**Assignment**
The lines to return run from the one containing "Island Biogeography main product photo" through the end of the material; give them exactly and leave out the pictures.

**Data section**
┏━━

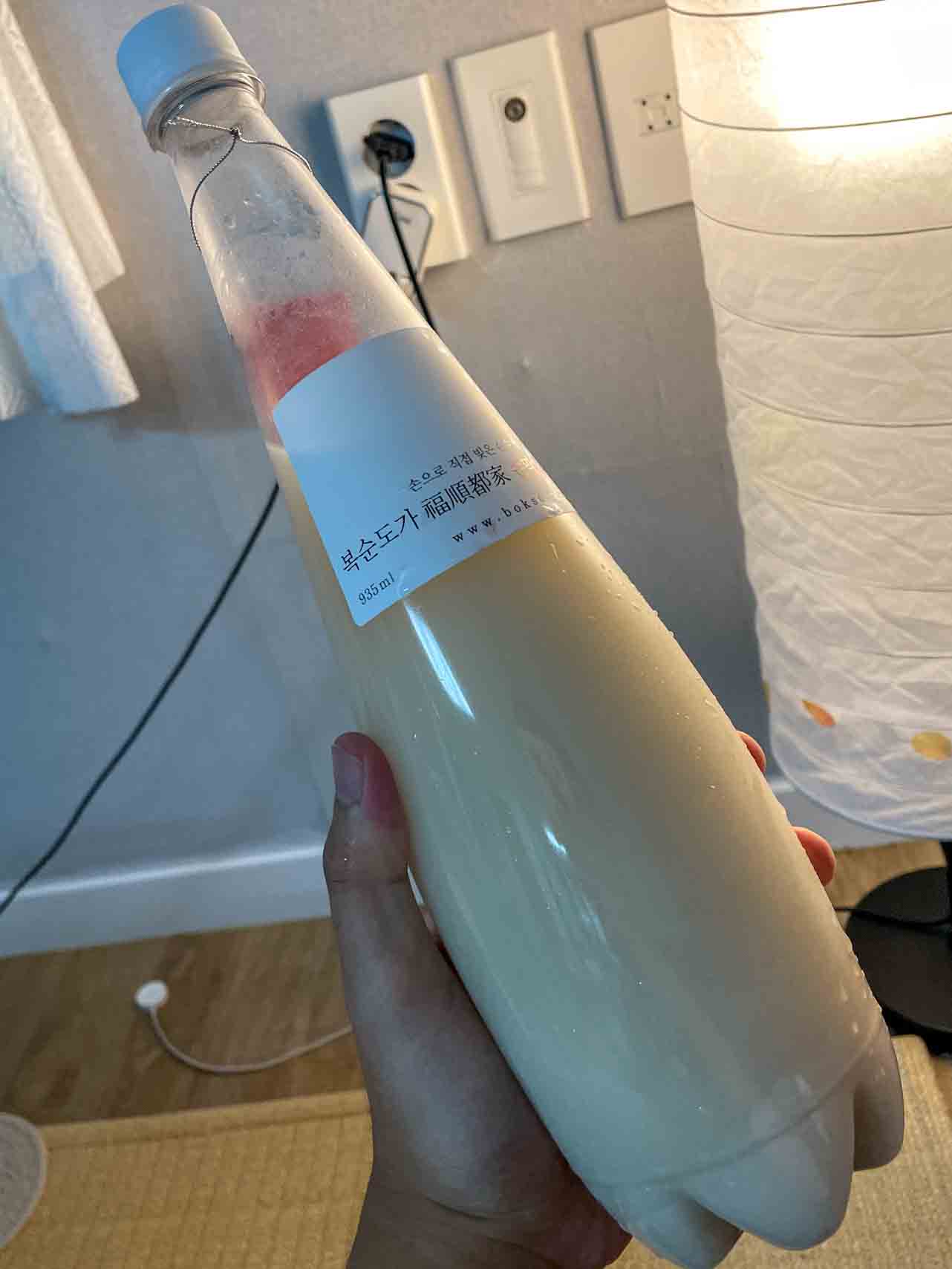 복순도가 손 막걸리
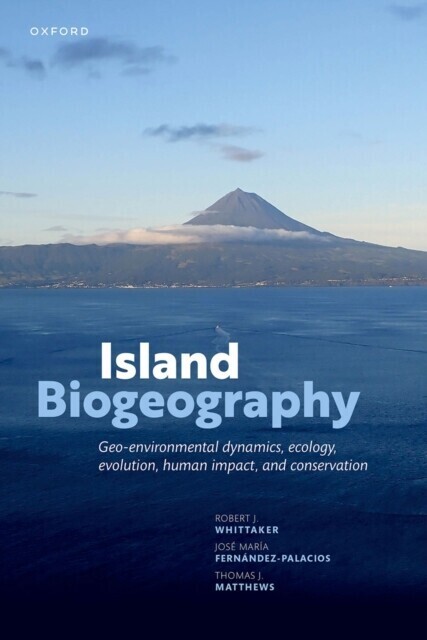 Island Biogeography main product photo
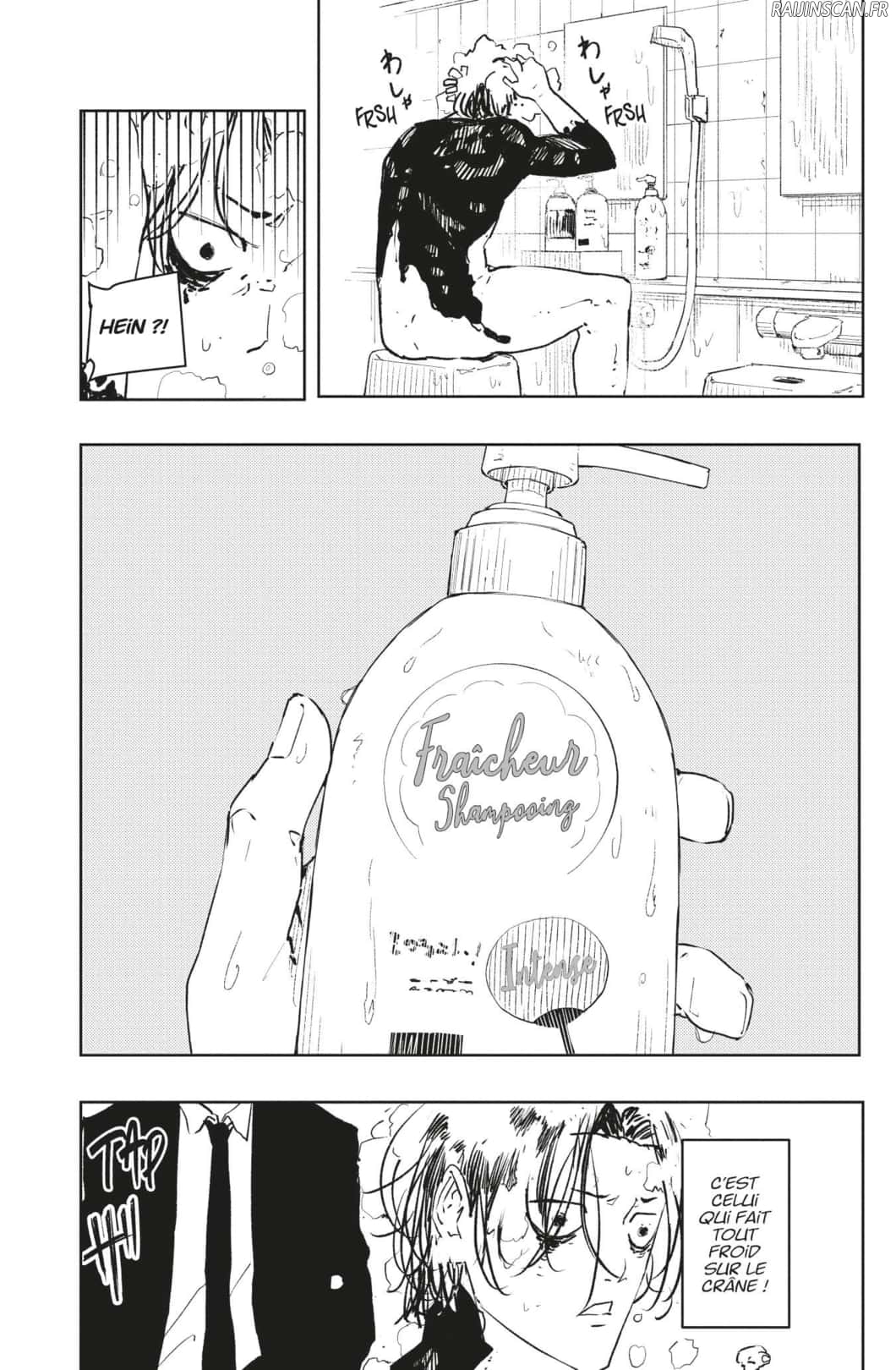 Read Kagurabachi (fr) Manga Online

┗━━

**Solution**
 Island Biogeography main product photo
 Read Kagurabachi (fr) Manga Online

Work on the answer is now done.